Resurface of long fuel queues

The shortage of Premium Motor Spirit(PMS), popularly known as fuel has become a reoccurring crisis without no permanent solution. This have now become a routine national embarrassment as the sixth largest exporter of crude oil in Africa.

The Federal Capital Territory(FCT), Lagos, and other cities are faced with another round of fuel scarcity as queues resurface.

In some parts, it is either you buy at black market price of N200-250 per litre or you spend sleepless hours queueing without8 a guarantee of getting fuel.

The pain differs those who depend on fuel to run their businesses; same fate goes for people without constant power supply.

By implication, there is a spiralling effect on the prices of goods and services, transportation fares and others.

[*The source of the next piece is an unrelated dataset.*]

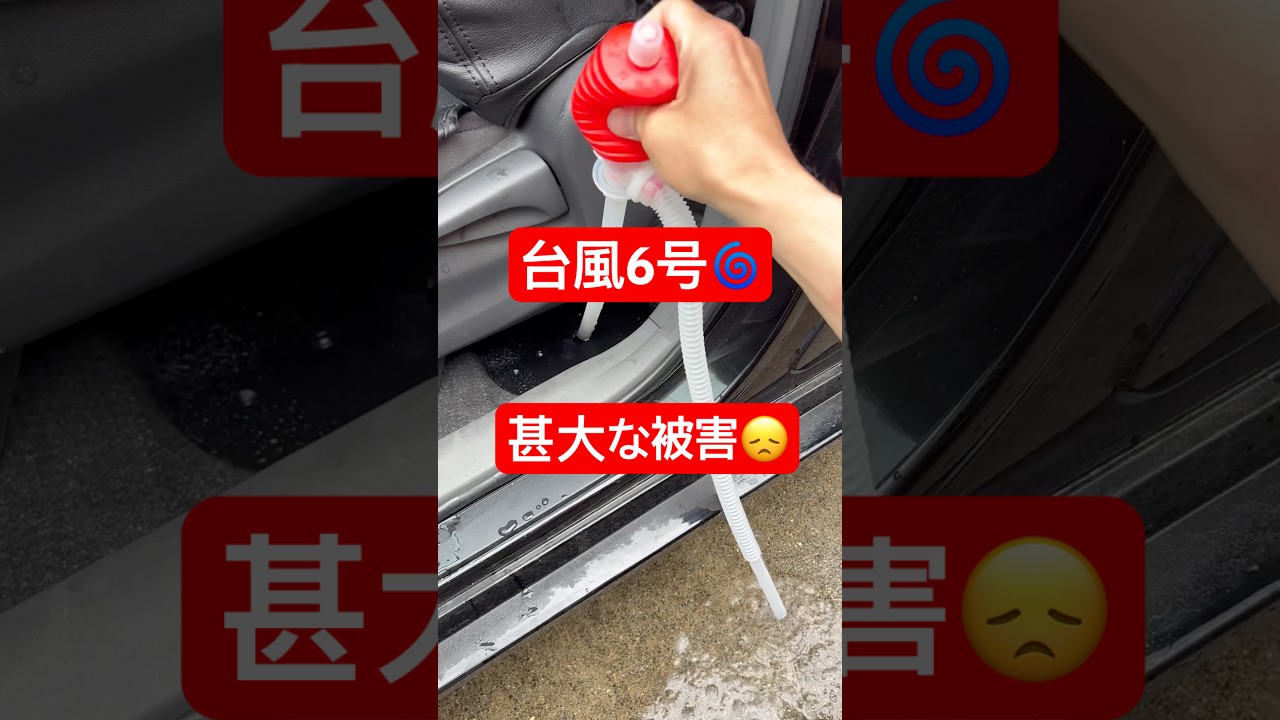 【台風6号】車のドア開けっぱなしで台風直撃した結果😞#チャンネル登録お願いします #shorts #台風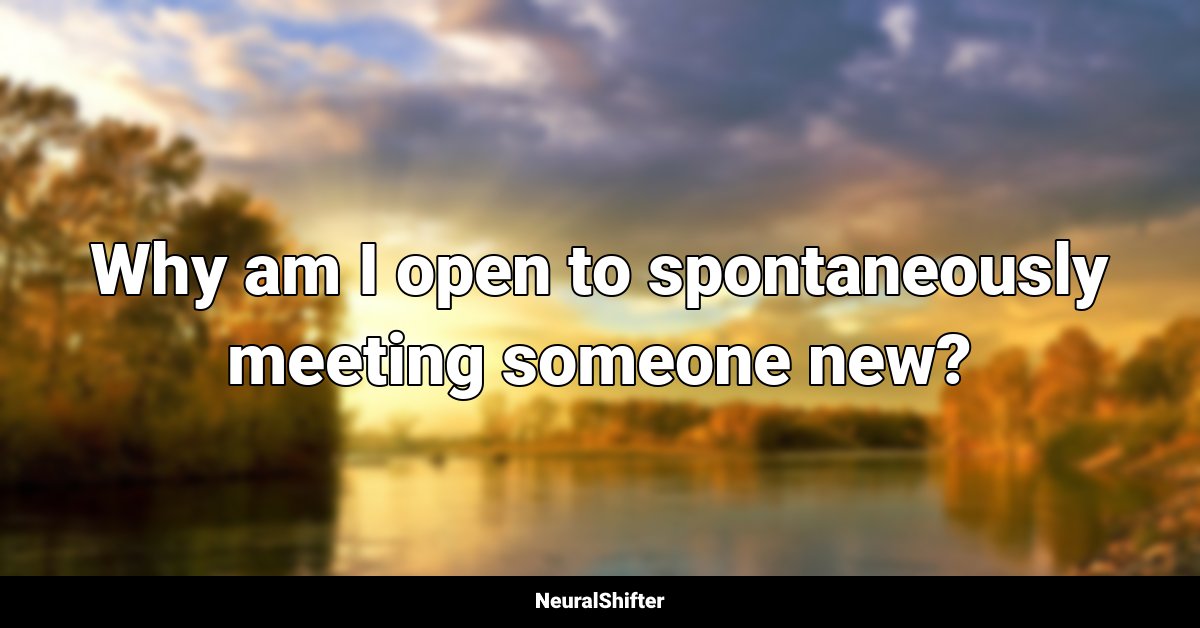 Why am I open to spontaneously meeting someone new?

Several explanations have been given as factors for the scarcity. For instance former Secretary Independent Petroleum Marketers Association of Nigeria, (IPMAN), Mr. Mike Osatuyi, attributed the scarcity to inadequate supply in the past few days.

He told Journalists that as a result of the supply shortfall, depots prices had risen to  N180 per litre in Lagos and its environs.

He said, “The situation has culminated in higher prices at the depots. Our members, who find it difficult to get the product, pay between N175 – N185 per litre. Consequently, we are compelled to sell at higher prices in order to cover cost.”

The President of Independent Petroleum Marketers Association of Nigeria (IPMAN), Debo Ahmed had on Monday attributed the petrol scarcity in the Federal Capital Territory (FCT) and its environs on supply gap the blockade created.

Earlier, a the peak of the flood situation in Lokoja, Kogi State, The Nigerian Midstream and Downstream Petroleum Regulatory Authority(NMDPRA) said the current fuel scarcity in Abuja and other surrounding states is caused by the inability of fuel trucks to have access to Lokoja roads. The regulatory body said the roads were flooded.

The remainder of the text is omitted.